NW Eulachon: A Little Fish with a Big Problem

Posted by David Haviland on January 28, 2011 at 8:58 am (630 social interactions)

SEATTLE - The Columbia River and seven others in Washington are part of a federal proposal to save a small forage fish that was declared a threatened species about a year ago. Groups that want to protect the fish say the proposal is a start, but does not go far enough.

The eulachon is a type of smelt, native to the Northwest, which is a major food source for other fish and wildlife. The new plan by the National Oceanic and Atmospheric Administration (NOAA) would declare 292 miles of rivers in Washington, Oregon and California as critical habitat for the eulachon. Ben Enticknap, a project manager for the conservation group Oceana, explains what the designation means.

"It doesn't mean that it automatically becomes a sanctuary. What it means is, any federally authorized activity would undergo an extra level of scrutiny, to make sure that that activity is not going to adversely modify habitat important to the threatened species."

NOAA lists numerous threats to eulachon in its proposal, including climate change, dams, dredging, and pollution. However, since the plan excludes the Pacific Ocean, it does not mention commercial fishing. Enticknap says trawling for pink shrimp off the coast also jeopardizes eulachon survival. He sees the NOAA plan as a good first step, but notes that eulachon spend most of their lives in the ocean, not the rivers.

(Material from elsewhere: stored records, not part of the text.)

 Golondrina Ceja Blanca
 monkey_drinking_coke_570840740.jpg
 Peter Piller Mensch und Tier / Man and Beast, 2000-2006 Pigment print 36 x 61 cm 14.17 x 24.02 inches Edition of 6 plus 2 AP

"They're not proposing any marine waters to be designated as critical, which we think is a major shortcoming in this proposal. We think that they do have enough information to identify those areas."

NOAA's plan mentions the importance of near-shore habitat, because that's where the juvenile fish feed and grow, but says it does not have enough information about the eulachon's ocean distribution to protect its habitat there.

Background on the species and a link to the proposal can be found at www.nmfs.noaa.gov/pr/species/fish/pacificeulachon.htm. Comments about the plan can be made in writing to NOAA through March 7.